Obviously, “experimental” is a fit term to describe the work, not “novel”. To read it from start to finish demands patience—to get to some funny stuff here and there—and tolerance. The latter because the writer abandons any effort to create a literary work in pursuit of self-indulgent vengeance against a former lover. At one point, an obviously overwrought writer turns the story from a character's infidelity to his ex, bitterly posting one word repeatedly, "cunt". It is an unpleasant twist in the book's numerous clever tricks.
Plascencia was the subject of a lively discussion at La Bloga in response to a Los Angeles Times interview quoting the writer’s pleasure at being published outside what he views as a chicano literary barrio.
His point is well taken. Despite the book’s peopling with Mexican and Chicana Chicano gente, its Mexico and El Monte settings, and its use of conventional Chicano literary property, The People of Paper is not Chicano Literature. Self-indulgent name-calling to settle old romantic scores makes it roman a clef with an audience of one. Literatura Chicana, Chicano, tends to thematic content intent on community-building stuff, formation of an ethos, an exhibition of intercultural writing skills bridging the divide between the Mexican and the Unitedstatesian. Give Plascencia one out of three.
Self-indulgence isn’t foreign to Chicana Chicano work—take Rain of Gold, for example—but a work of such authorial selfishness as The People of Paper might better have been put aside until the author’s writer’s block had dissipated enough, or his broken heart mended, to complete the novel promised by the stunning opening pages.
Speaking of self indulgence, did you hear about the vaquero who walked into the bar dressed in cellophane?

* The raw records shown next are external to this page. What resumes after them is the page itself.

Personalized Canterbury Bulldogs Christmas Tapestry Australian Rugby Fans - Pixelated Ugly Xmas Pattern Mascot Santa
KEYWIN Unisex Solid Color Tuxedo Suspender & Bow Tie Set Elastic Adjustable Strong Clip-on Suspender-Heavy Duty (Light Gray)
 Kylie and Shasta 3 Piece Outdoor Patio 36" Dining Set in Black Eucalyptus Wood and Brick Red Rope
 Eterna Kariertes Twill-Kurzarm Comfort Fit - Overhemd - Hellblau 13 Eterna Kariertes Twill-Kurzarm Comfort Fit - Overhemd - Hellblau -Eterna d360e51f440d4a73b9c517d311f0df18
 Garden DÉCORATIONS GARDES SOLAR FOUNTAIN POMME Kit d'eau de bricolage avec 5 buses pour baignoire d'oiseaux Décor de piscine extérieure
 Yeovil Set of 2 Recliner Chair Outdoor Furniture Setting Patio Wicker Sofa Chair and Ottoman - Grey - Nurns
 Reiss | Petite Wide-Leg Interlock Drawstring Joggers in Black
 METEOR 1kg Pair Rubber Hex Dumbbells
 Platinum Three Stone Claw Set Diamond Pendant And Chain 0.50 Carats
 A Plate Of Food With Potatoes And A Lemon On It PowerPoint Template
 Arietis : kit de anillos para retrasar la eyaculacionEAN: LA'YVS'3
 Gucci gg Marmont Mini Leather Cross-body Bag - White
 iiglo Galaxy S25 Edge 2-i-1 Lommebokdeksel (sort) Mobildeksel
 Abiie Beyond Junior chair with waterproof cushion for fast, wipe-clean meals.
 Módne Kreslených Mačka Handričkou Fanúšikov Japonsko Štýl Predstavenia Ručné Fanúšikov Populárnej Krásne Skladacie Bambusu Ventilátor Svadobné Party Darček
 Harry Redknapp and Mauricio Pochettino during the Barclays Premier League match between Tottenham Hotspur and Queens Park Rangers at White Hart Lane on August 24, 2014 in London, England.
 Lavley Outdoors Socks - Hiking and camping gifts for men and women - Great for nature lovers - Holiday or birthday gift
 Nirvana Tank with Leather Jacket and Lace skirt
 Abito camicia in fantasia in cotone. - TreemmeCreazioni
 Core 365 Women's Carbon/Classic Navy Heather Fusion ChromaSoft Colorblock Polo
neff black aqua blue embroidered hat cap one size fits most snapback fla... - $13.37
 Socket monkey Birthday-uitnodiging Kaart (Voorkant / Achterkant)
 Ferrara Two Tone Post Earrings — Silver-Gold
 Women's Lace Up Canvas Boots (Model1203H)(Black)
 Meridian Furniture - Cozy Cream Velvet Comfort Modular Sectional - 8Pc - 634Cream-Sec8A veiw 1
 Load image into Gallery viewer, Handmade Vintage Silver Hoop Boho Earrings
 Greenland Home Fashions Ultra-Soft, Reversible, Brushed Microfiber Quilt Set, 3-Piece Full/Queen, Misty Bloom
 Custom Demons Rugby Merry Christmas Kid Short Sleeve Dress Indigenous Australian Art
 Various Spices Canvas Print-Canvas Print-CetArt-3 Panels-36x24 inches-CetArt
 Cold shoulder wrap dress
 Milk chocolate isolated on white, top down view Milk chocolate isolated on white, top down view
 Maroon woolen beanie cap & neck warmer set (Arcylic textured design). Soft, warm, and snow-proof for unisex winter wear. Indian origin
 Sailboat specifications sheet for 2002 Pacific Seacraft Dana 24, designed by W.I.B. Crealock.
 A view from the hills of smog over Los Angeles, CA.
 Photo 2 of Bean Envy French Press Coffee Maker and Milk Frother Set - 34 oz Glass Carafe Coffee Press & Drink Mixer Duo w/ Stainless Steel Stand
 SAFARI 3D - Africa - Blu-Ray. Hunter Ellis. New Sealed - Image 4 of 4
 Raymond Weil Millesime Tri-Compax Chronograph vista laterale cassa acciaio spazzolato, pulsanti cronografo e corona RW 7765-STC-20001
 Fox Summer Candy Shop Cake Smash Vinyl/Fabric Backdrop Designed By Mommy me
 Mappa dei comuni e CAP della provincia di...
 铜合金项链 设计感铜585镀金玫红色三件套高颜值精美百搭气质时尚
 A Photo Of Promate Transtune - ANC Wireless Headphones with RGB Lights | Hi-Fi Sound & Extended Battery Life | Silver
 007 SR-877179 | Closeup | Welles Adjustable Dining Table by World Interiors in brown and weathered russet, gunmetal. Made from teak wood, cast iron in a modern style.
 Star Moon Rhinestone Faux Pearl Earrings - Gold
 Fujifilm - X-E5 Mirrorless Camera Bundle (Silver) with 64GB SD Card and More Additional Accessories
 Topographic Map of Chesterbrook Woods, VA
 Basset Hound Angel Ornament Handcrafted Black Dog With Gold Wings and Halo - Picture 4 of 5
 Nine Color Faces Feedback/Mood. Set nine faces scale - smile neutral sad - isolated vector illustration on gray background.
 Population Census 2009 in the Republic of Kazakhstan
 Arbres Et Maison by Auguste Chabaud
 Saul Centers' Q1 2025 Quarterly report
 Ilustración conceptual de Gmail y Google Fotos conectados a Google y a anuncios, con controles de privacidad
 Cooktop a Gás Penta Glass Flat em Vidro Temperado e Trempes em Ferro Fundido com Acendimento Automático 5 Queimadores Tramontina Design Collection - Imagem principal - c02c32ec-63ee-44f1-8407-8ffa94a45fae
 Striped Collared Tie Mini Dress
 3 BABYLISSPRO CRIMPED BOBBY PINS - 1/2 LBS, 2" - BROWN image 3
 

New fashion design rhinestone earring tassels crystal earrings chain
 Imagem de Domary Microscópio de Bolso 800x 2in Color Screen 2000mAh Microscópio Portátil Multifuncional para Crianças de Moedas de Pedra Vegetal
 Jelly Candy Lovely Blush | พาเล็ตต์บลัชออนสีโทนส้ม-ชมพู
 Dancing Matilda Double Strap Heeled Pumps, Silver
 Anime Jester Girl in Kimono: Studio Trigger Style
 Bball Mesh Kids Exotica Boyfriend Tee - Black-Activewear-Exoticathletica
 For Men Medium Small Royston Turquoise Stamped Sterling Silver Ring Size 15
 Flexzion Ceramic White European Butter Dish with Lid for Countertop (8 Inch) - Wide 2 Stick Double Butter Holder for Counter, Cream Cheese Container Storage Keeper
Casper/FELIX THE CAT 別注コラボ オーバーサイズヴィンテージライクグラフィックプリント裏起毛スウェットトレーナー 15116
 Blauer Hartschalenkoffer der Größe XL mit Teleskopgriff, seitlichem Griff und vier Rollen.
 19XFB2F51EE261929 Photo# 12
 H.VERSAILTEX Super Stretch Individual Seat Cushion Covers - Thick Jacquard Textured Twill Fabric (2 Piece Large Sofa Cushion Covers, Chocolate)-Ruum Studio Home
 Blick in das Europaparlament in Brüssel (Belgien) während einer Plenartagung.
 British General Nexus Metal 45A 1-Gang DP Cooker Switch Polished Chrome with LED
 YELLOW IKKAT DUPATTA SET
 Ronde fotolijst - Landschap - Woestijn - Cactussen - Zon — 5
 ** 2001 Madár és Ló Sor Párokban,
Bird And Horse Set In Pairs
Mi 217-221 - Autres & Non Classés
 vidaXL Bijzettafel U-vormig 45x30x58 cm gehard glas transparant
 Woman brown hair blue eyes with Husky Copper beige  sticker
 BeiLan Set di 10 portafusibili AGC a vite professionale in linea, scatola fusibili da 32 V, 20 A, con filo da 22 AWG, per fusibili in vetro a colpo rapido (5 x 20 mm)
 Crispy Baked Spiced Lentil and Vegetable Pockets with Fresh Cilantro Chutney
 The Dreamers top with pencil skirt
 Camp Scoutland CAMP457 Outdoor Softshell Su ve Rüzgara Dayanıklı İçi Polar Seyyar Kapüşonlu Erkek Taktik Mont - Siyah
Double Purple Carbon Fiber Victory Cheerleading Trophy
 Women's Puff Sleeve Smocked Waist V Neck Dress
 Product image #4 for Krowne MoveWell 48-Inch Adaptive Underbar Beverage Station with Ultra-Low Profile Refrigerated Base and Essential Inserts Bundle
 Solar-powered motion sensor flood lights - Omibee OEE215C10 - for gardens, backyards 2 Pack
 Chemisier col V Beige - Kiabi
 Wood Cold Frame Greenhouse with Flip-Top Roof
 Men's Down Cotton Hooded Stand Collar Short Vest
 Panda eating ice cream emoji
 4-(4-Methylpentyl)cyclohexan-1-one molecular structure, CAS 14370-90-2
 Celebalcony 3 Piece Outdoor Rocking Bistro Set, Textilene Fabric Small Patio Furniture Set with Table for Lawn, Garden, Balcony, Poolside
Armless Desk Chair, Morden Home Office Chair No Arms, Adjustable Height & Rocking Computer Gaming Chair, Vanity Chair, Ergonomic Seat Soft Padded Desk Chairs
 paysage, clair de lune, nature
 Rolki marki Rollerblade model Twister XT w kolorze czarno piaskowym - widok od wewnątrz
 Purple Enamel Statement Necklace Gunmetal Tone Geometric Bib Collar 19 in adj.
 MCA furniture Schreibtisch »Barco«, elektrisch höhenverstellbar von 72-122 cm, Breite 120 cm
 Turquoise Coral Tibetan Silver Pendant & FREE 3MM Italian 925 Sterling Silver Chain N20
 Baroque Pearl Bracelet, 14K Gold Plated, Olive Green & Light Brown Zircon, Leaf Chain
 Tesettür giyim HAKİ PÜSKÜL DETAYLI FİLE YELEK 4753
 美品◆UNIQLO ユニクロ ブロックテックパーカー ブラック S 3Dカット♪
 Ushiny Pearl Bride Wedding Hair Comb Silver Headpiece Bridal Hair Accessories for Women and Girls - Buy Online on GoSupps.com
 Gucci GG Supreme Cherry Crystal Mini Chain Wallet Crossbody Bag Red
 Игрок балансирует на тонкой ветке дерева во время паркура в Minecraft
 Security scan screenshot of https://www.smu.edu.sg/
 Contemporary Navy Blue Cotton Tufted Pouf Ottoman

He had cellophane boots, cellophane trousers, cellophane chaps, cellophane camisa? He was arrested for rustling. ¡pa-pum!
Note. Did you check out the NY Times' Children's books special in the 11/13 NYTimes book review? Gives more credence to the stereotype of an east coast bias in literary criticism. La Bloga's Gina MarySol Ruiz' column highlights one outstanding title after another, but from the grey lady, not a peep about Chicana Chicano kidlit. OK, Gary Soto gets a nod in the best illustration category. I suppose this goes with the graphic novels Time magazine recently recognized. I will get that Norton Anthology, and the dozens collection looks like a winner, too.